* _What you are asked to do_
What you return must match, exactly, the lines running from the one containing "Fisher-Price DC Batwheels" to the end of the data, both included, and must contain no pictures.

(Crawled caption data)
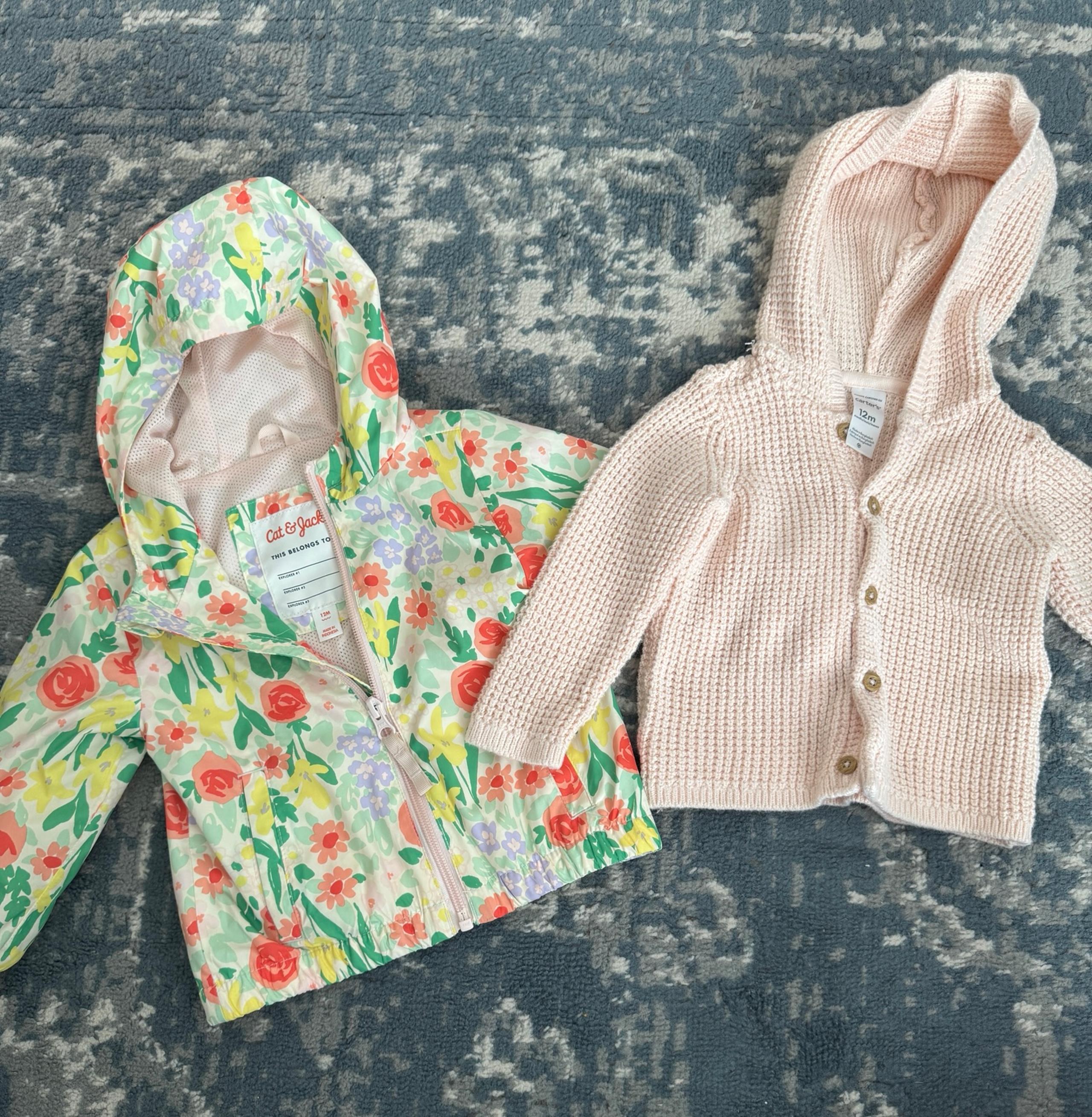 Baby girl 9-12 month fall jacket bundle - Carter's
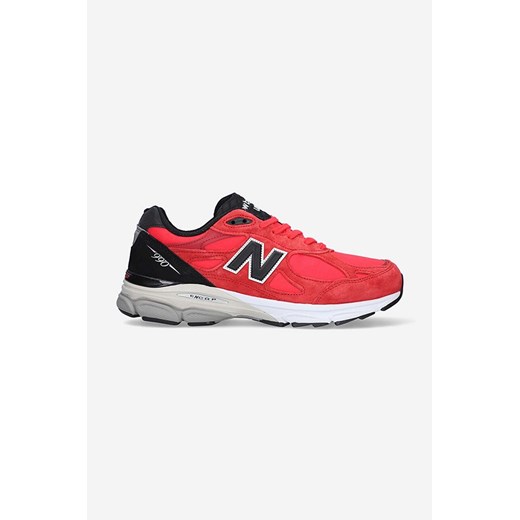 New Balance sneakersy M990PL3 kolor czerwony M990PL3-PL3 ze sklepu PRM w kategorii Buty sportowe damskie - zdjęcie 161414520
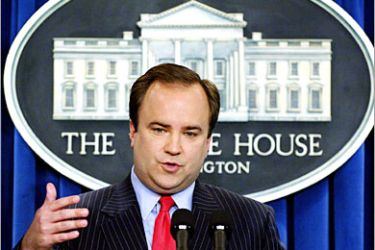 AFP / White House Press Secretary Scott McClellan speaks during a briefing at the White House 03 October 2005 in Washington, DC. McClellan spoke about US President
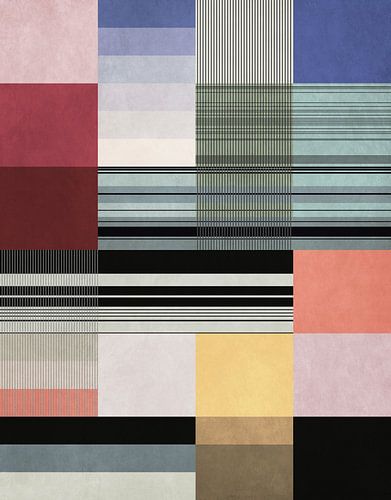 Geometric with stripes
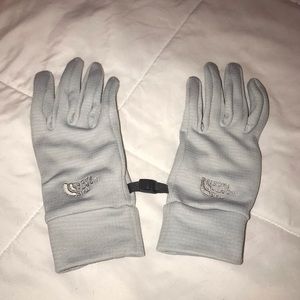 The North Face gloves, gray, small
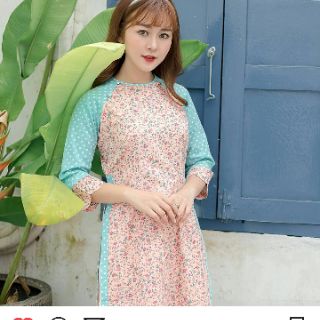 Thanh lí áo dài hoa Oversized (có ảnh thật)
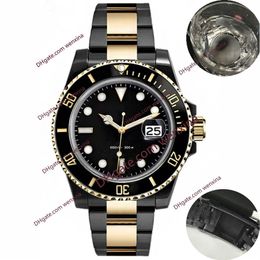2021 quality 41mm automatic 2813 Mechanical Mens Watches Stainless Steel watch montre de luxe Bracelet Ceramic Rim Waterproof Wris279A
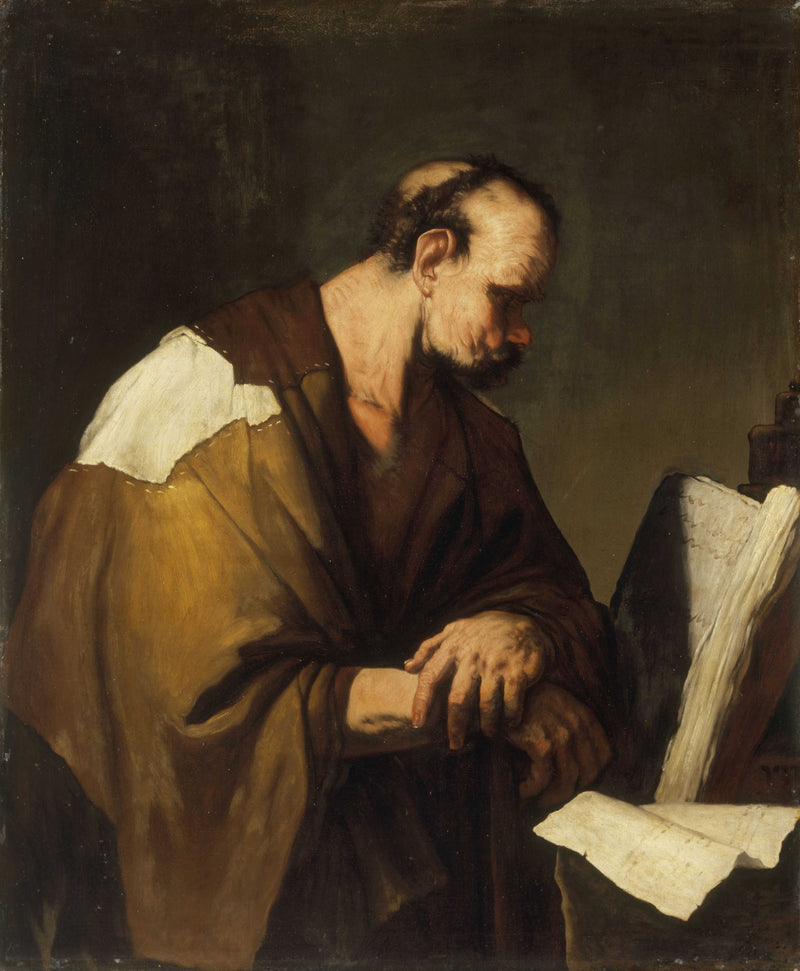 Filosofen Chilon - Luca Giordano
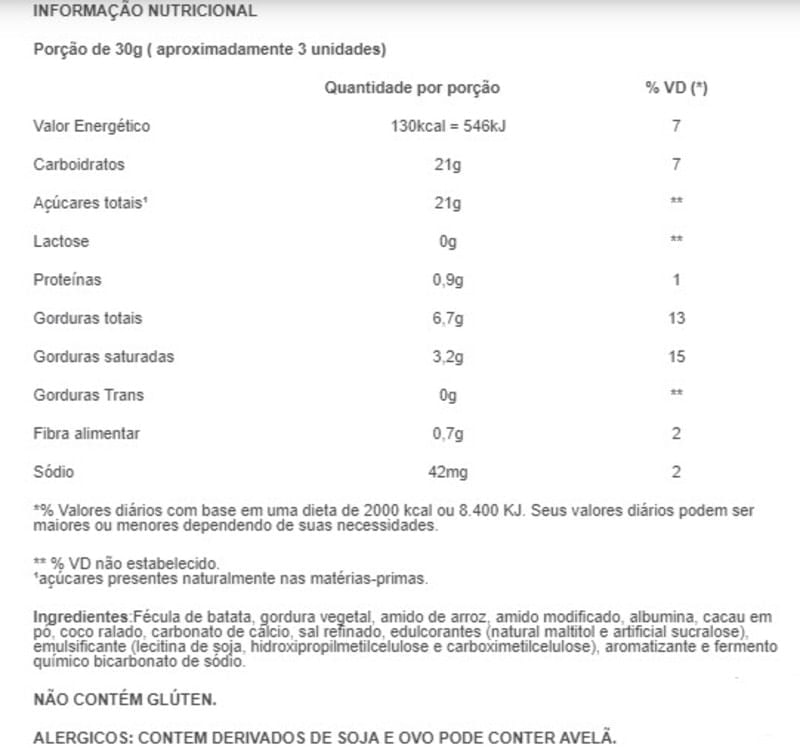Wafer Coco 55g - Mundo Verde Seleção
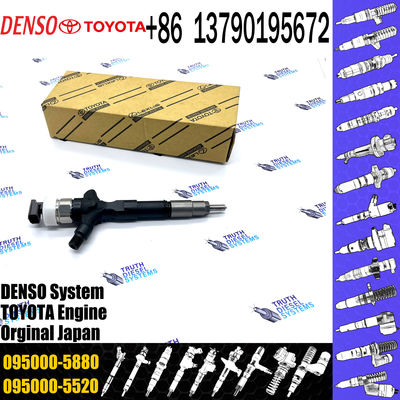 TOYOTA 2KD 2KD-FTV common rail injector 095000-5881 23670-30050 for toyota hiace diesel fuel injector 23670-30050 095000
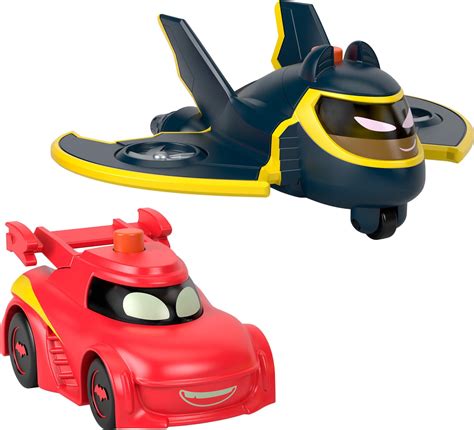 Fisher-Price DC Batwheels Light-Up 1:55 Scale Toy Cars, Redbird and Batwing, 2-Piece Preschool ...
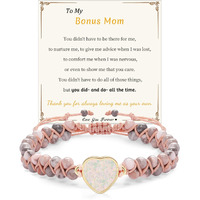 Sistble Bonus Mom Gifts, Gifts For Mom To My Bonus Mom Bracelet Gift From Bonus Daughter Son Birthday Step Mom Gifts Retirement Christmas Basket Jasper Beaded Jewelry For Women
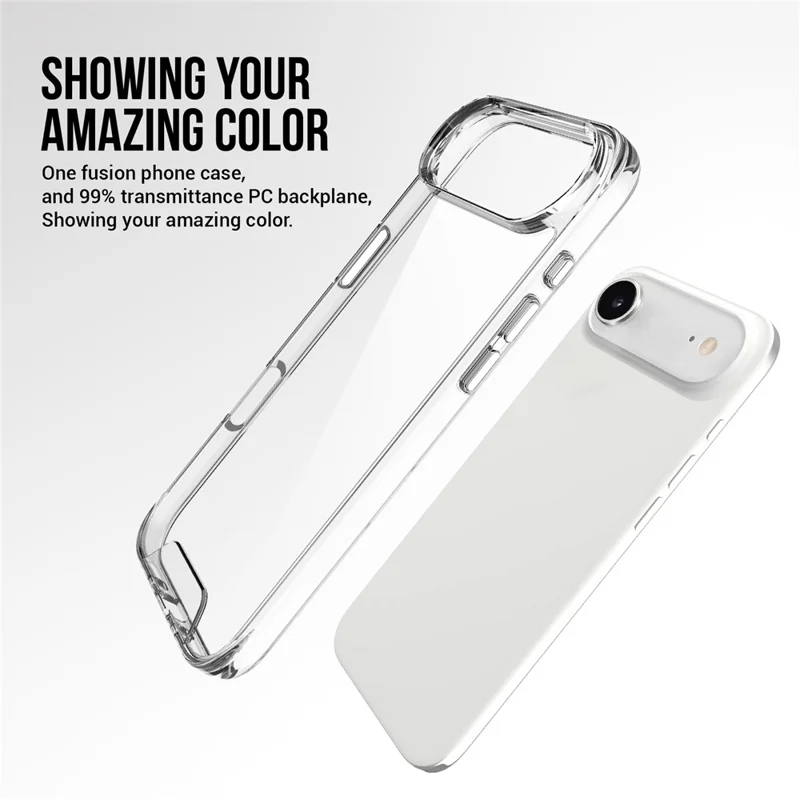 For iPhone Air Case TPU Frame Clear PC Back Phone Cover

* _Exercise output_
 Fisher-Price DC Batwheels Light-Up 1:55 Scale Toy Cars, Redbird and Batwing, 2-Piece Preschool ...
 Sistble Bonus Mom Gifts, Gifts For Mom To My Bonus Mom Bracelet Gift From Bonus Daughter Son Birthday Step Mom Gifts Retirement Christmas Basket Jasper Beaded Jewelry For Women
 For iPhone Air Case TPU Frame Clear PC Back Phone Cover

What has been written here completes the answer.